--- Task brief ---
Would you restate, word for word, only the lines starting at the one with "2014 Hot Wheels" and ending with the final line of the entries below? Pictures stay out.

--- Supplied records ---
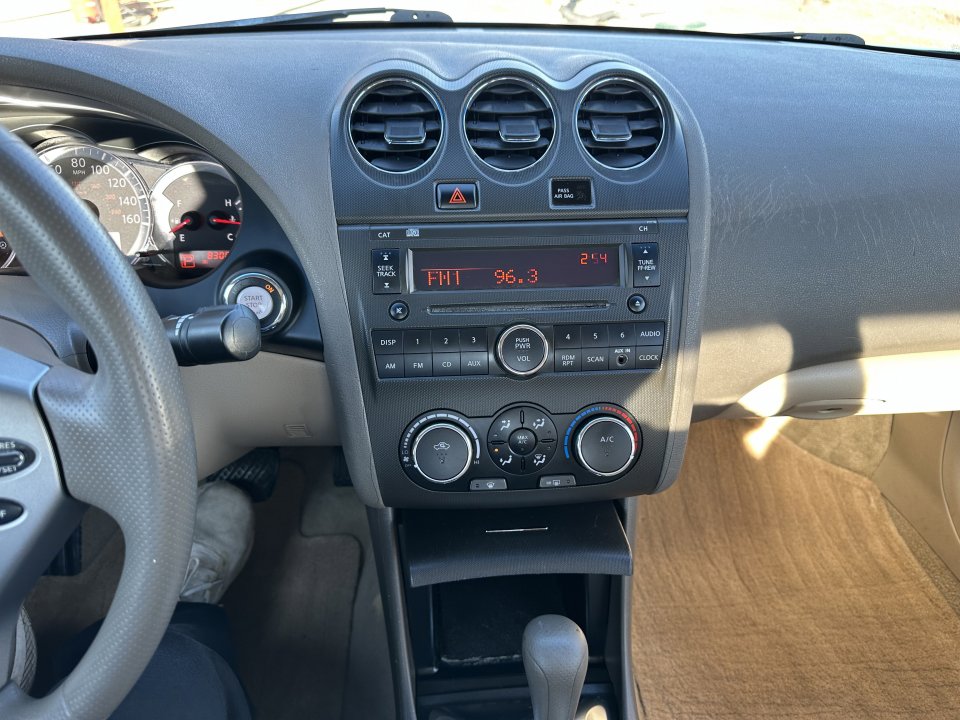 Used 2012 Nissan Altima 2.5 S image 10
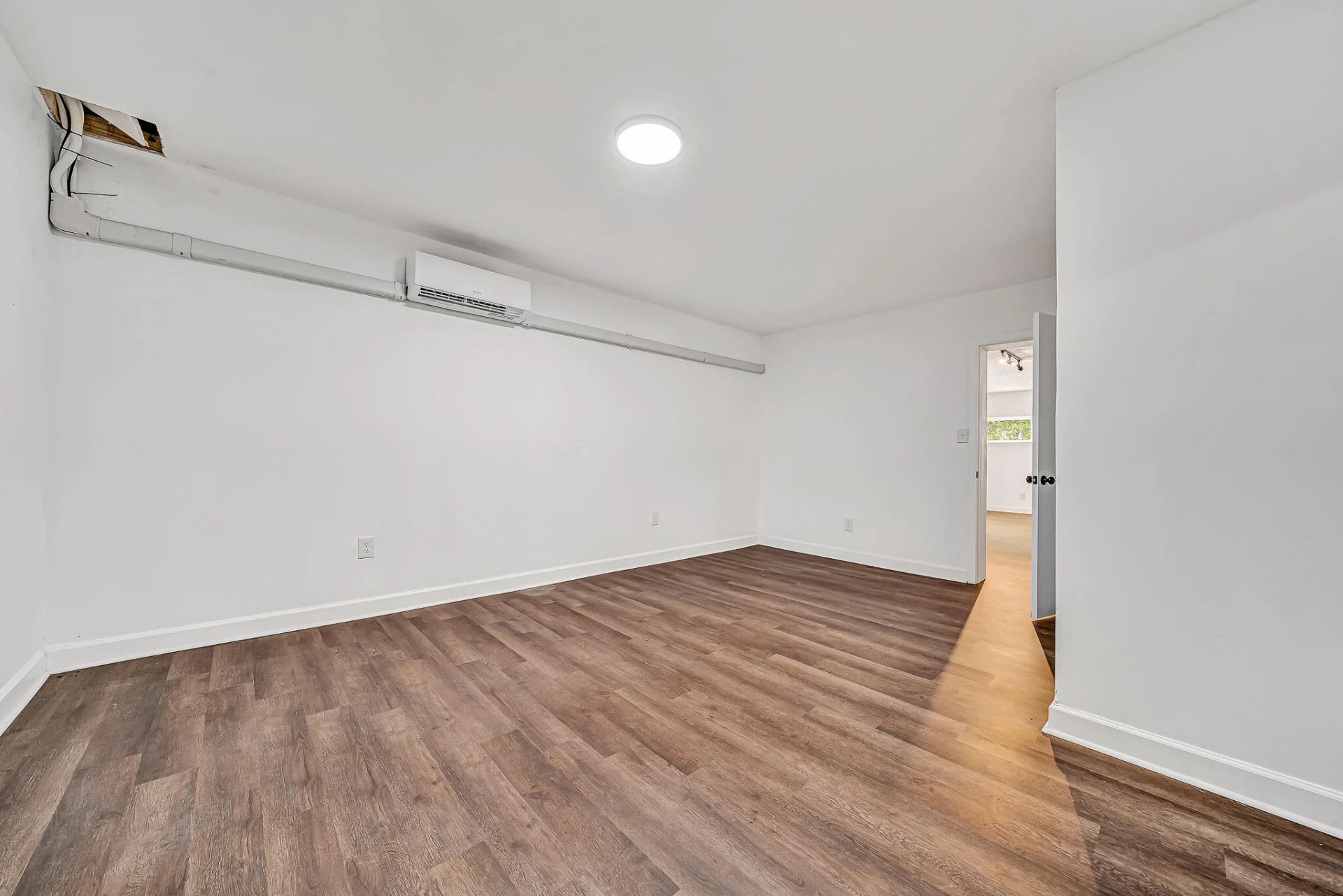83 Maid Marian CT - Photo 46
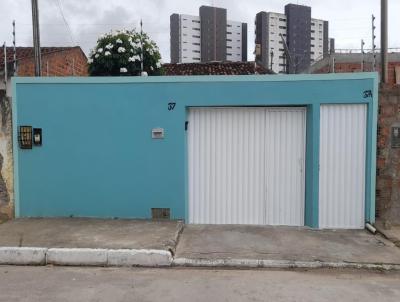 Casa para Venda, em Arapiraca, bairro Santa Esmeralda, 2 dormitrios, 1 banheiro, 1 vaga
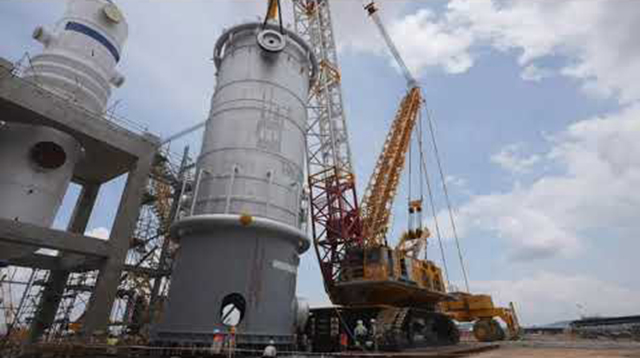 Installation of Petronas EO Reactor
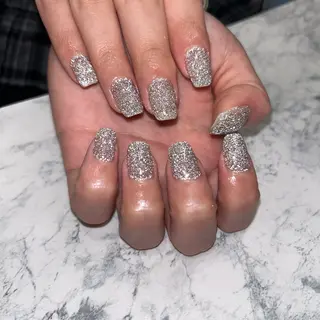 ネイル マグネット/心斎橋 LoLo.カレラのネイルデザイン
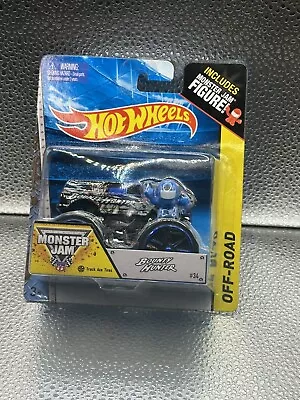 2014 Hot Wheels Monster Jam Bounty Hunter #34 Includes Track Ace Tires & Figure • $11.99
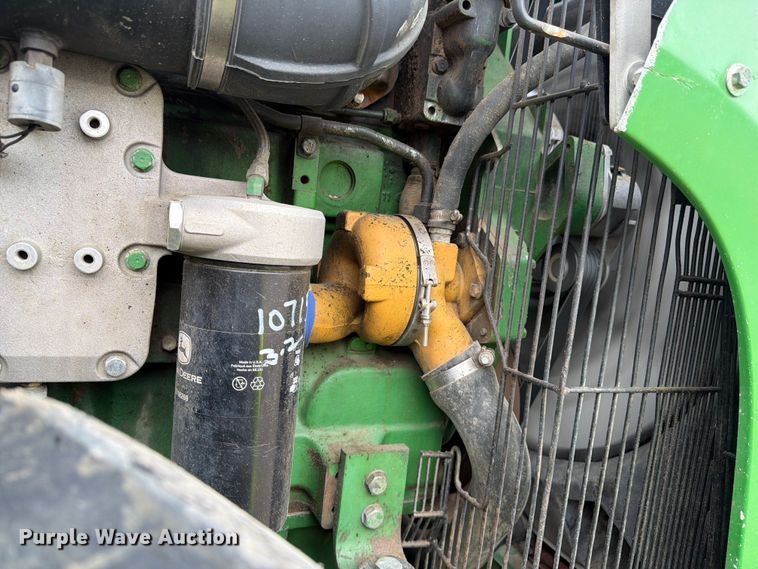 image for item YA3970 2005 John Deere 9520 Scraper Special 4WD tractor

--- Answer to the problem ---
 2014 Hot Wheels Monster Jam Bounty Hunter #34 Includes Track Ace Tires & Figure • $11.99
 image for item YA3970 2005 John Deere 9520 Scraper Special 4WD tractor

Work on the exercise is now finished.